_Prompt_.
Find the line below with "Risteilyliikenne Itämerellä, aluskäynnit". Print it and every line after it exactly, through the last line, leaving out the pictures.

┌─ Data below

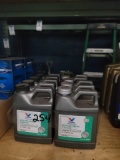 Water pump lubricant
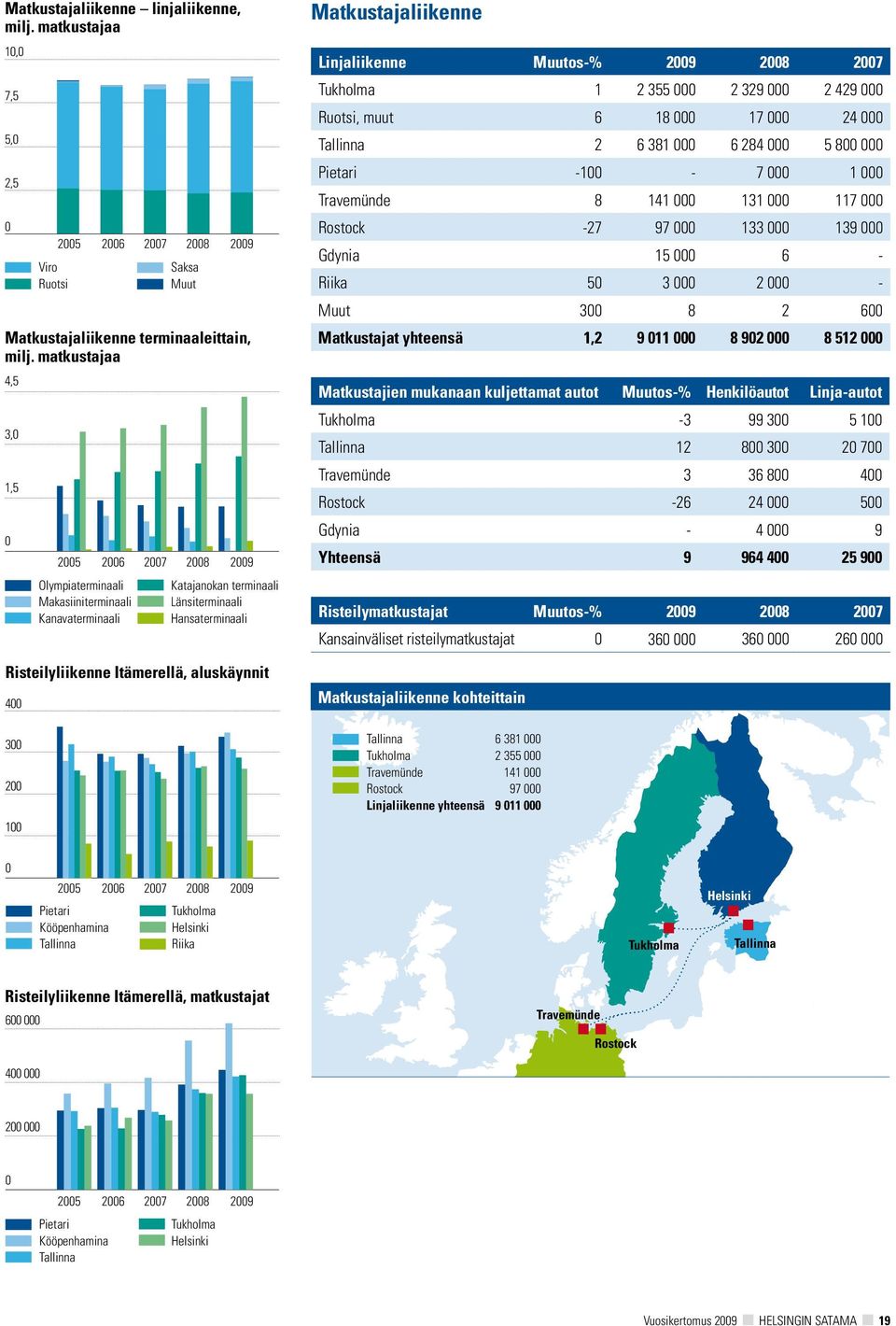 Risteilyliikenne Itämerellä, aluskäynnit Matkustajaliikenne Linjaliikenne Muutos-% 29 28 27 Tukholma 1 2 355 2 329 2 429 Ruotsi, muut 6 18 17 24 Tallinna 2 6 381 6 284 5 8 Pietari -1-7 1 Travemünde 8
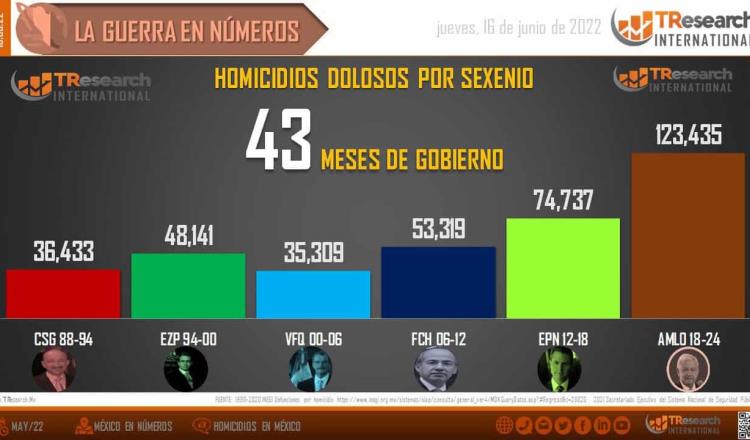 Gobierno de AMLO supera en homicidios a los de Peña y Calderón: consultora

└─

_Task response_.
 Risteilyliikenne Itämerellä, aluskäynnit Matkustajaliikenne Linjaliikenne Muutos-% 29 28 27 Tukholma 1 2 355 2 329 2 429 Ruotsi, muut 6 18 17 24 Tallinna 2 6 381 6 284 5 8 Pietari -1-7 1 Travemünde 8
 Gobierno de AMLO supera en homicidios a los de Peña y Calderón: consultora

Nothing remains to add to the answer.